Peeking in at dance lessons in the rooms surrounding the school’s theatre my heart longs for a future lost to the mists of time, my own short-lived balletic career. Fittingly it’s NEBT’s second time in the Aud Jebsen Studio Theatre, considering their year-round charity work nurturing young dancers, choreographers, musicians, and designers. The potent whiff of scholastic rigor makes up for the simplicity of the large black box theatre.

Four pieces are arranged around the ideas of loss and love and fluctuate greatly in their effectiveness and relevance to the war dead of the last 102 years. What doesn’t fluctuate is the dedication of all involved. Rare is it for classical ballet to be so close. Being able to hear the exertion, and almost reaching out to touch the dancers brings a reality to this dreamy genre.

Jenna Lee’s abstract and thematically diverse take on Antonio Vivaldi’s Four Seasons closes the evening and is by far the highlight. Finishing on renewal, rotation and regrowth is the optimistic note we all need as the current European war rages.

April Dalton’s costumes are playful in their interpretation of each season, clothing the characteristic choreography of Lee. The expected net and flowers flutter with the light hopefulness of spring. Shifting into a rather raunchy spandex summer affair that wouldn’t be out of place in a trip to Torture Garden (if you don’t know don’t google). Autumns brown leaves have kick and bounce as they fall gracefully to the floor, a touch mournfully morphing into winter’s icy frosting of lace, leg work, lifts, and cold hard precision (although giving us a little too much Disney’s Frozen). Andrew Ellis’s lights do their best with the polished black stage and both work hard to transport us out of Battersea.

Dylan Springer and Natalia Kerner in particular give hedonistic flair, sass, and sparkle and stand out in the solstitial section.

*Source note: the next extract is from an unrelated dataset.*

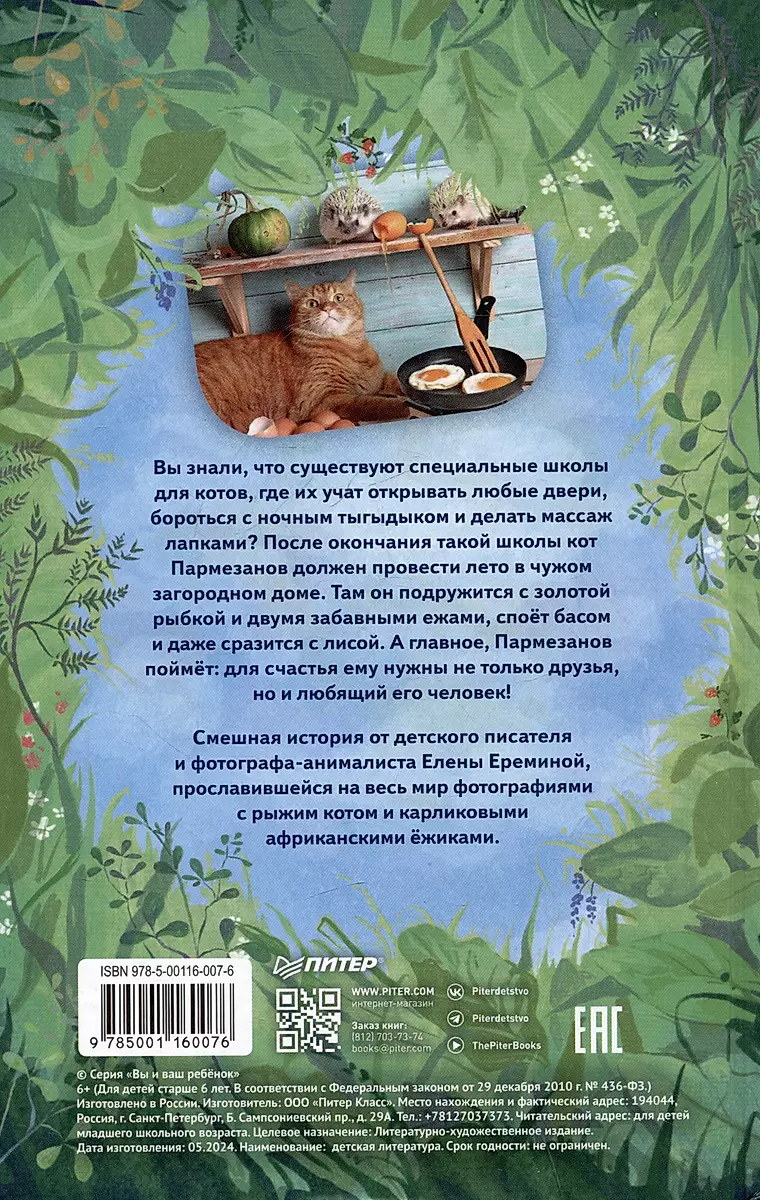The Summer of Parmesan Cat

Peppered throughout with dextrous Pas de deux all involved corporally inhabit each season, highlighting dance’s penchant for physicalising the nebulous.

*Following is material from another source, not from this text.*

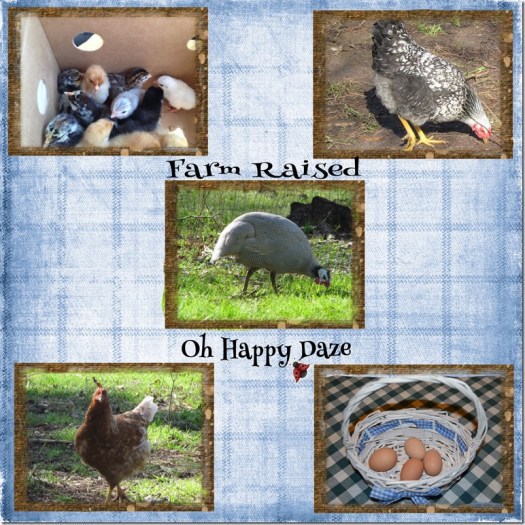 Day-on-the-Farm-001-Page-2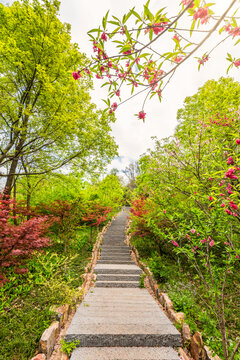 南京栖霞山的樱花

Nocturne is at the other end of the evening with Genevieve Heron and Aitor Viscarolasaga Lopez in a subtle Pas de deux. Both in hues of blues, Daniela Cardim’s choreography asks for a constant falling and gathering, from floorwork to soft lifts. Like weeping willow trees, they billow up again, collapsing into each other’s arms, fingers dipped into the black waters of the floor. A touching sentiment to commitment and connection.

Following this is the most obviously themed work, an extract from Wayne Eagling’s ballet Remembrance. To George Frideric Handel’s Ode for St Cecilia’s Day, the aim of the piece is valiant. Focusing on the life of dancer Marie Rambert, during her marriage to Ashley Duke during the armistice year (1918).

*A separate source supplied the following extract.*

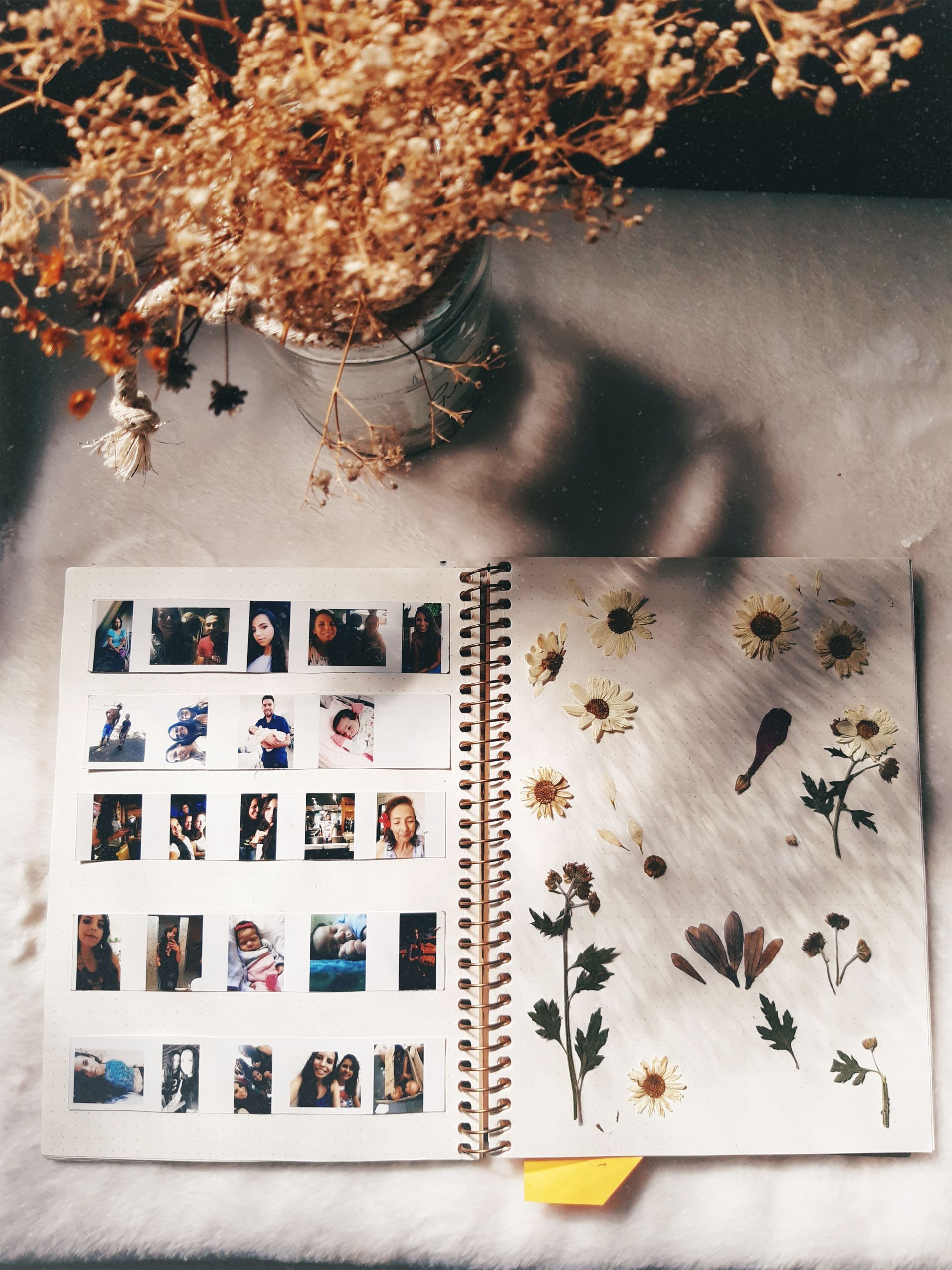 un carnet avec des photos et des fleurs est ouvert à côté d' un vase de fleurs séchées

There is a reason that music, instead of movement normally dominates the Remembrance programs. Dance’s strength lies more in the experimental, ephemeral exploration of ideas. With that in mind, this piece is uncomfortably melodramatic, with pantomime faces of mourning, and overtly literal projections onto the back wall. Thematic stumbles ensue when choreography is asked to craft such a clear narrative, requiring more intricacy than is available.

Re(current) is next, choreographed by Matthew Ball, a Pas de deux with himself and fellow Royal Ballet Principal dancer Mayara Magri. Magnificently executed by the seasoned professionals this is a treat. Topless and with flowing Japanese-style trousers Ball lifts Magri easily like a bag of feathers. They flux in and out of separate spots, using the barrenness of the stage to their advantage. Layering around one another, but always at angles, the building of Jean Sibelius’s Laetare Anima Mea pulls them both into a shared spot. Winding their bodies into wreathed patterns of extremities, Ball is a choreographer with a sharp mind. Despite its sober note, the visual sensuality of the work feels like an odd choice, following Eagling’s War Women Waiting.

NEBT exhibits an evening of new talent and established ability within dance. Covering a tough subject such as war on top of that proves to be over-ambitious. However, to see students in the classrooms, and the young and hopeful cavorting across the stage is its own statement. A statement of belief in the future, of the importance of art, community, and togetherness. A lasting memory that at its core couldn’t be a more fitting remembrance.